If we are lucky, the swim lesson starts with a tentative smile. If we are unlucky, the swim lesson starts with a 20-minute scream fest and a lot of interest in other people’s kids as we pretend not to notice it is our darling girl who is screaming her head off to get out of the shallow end.
During these intense periods of profound interest in other people’s children I have noticed something unique about bathing suits these days. Mostly that they are more like swimming costumes of old.
Turtle-necked, long-sleeved, to-the-knee renditions of the wooly contraptions of old except in bathing suit material and the ugliest color palette ever created. Flourescent pinks and blues and greens, with exaggerated stitching for accents.
Kids being kids, they still manage to look perfectly adorable in them in what look like heat-stroke inducing outfits.
Oh, plus, the costumes come with matching hats. Most with multiple panels, back, sides and sometimes, front. I have yet to see one with goggles built in, but you know that day is coming.

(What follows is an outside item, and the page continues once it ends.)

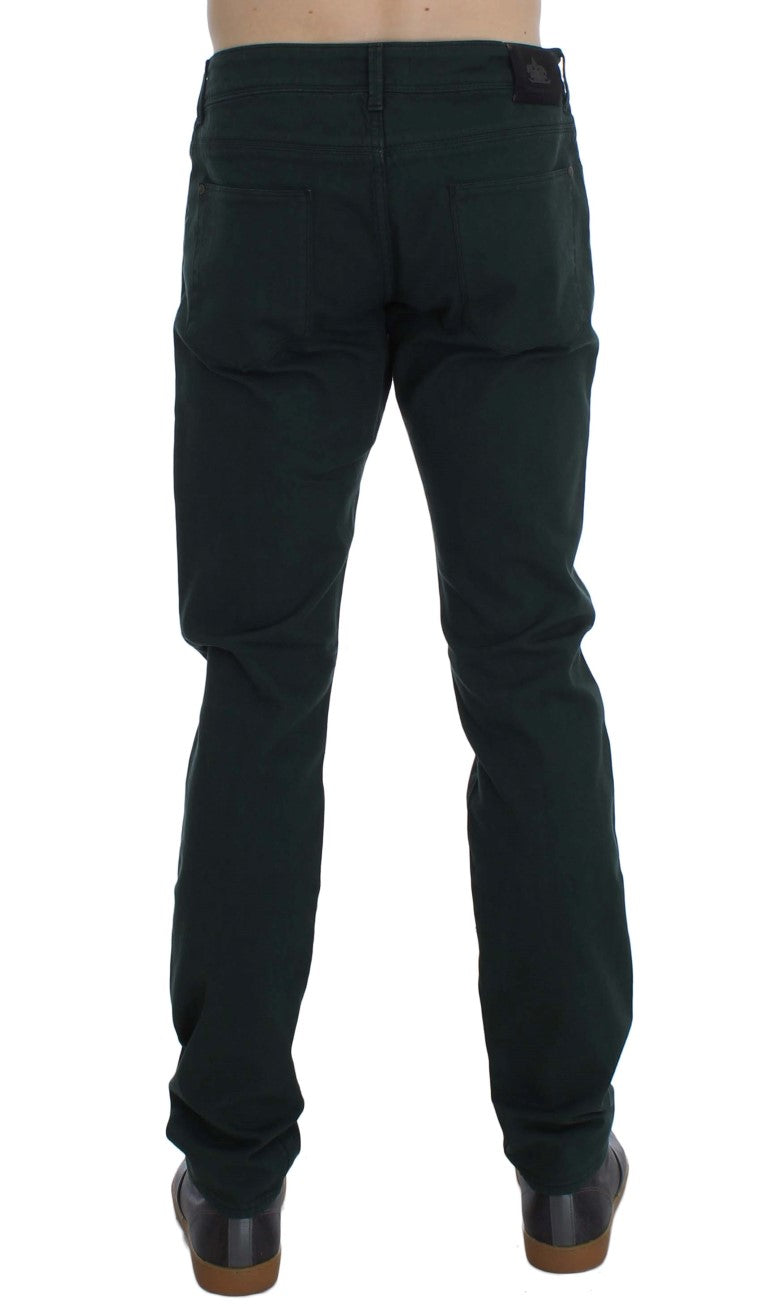 Gröna bomullsdenim stretchjeans med rak passform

Loving, doting parents gingerly enter the pool with these swaddled children. Their hearts are pure — to protect their babies from the harmful effects of the throbbing summer sun. And I say good on them.
But I think about the days of my childhood, when suits wore out after about five days and then the sun just baked you right through your trunks or tankini so that by the end of the summer your skin was 10 times browner than your best pair of khakis.
And yes, we might have a few more wrinkles now, but we survived it, felt the suns strong rays egg us back into the pool, warm our legs as a breeze off of wet skin made it seem suddenly much cooler than it was.
Maybe we’ll go back to that one day — or maybe not. In the meantime, I’m enjoying ignoring whoever that kid is who is screaming for her MamaMAMAMAAAMAAA! in the toddler swim class, and taking in those gorgeous swimming costumes of 2010.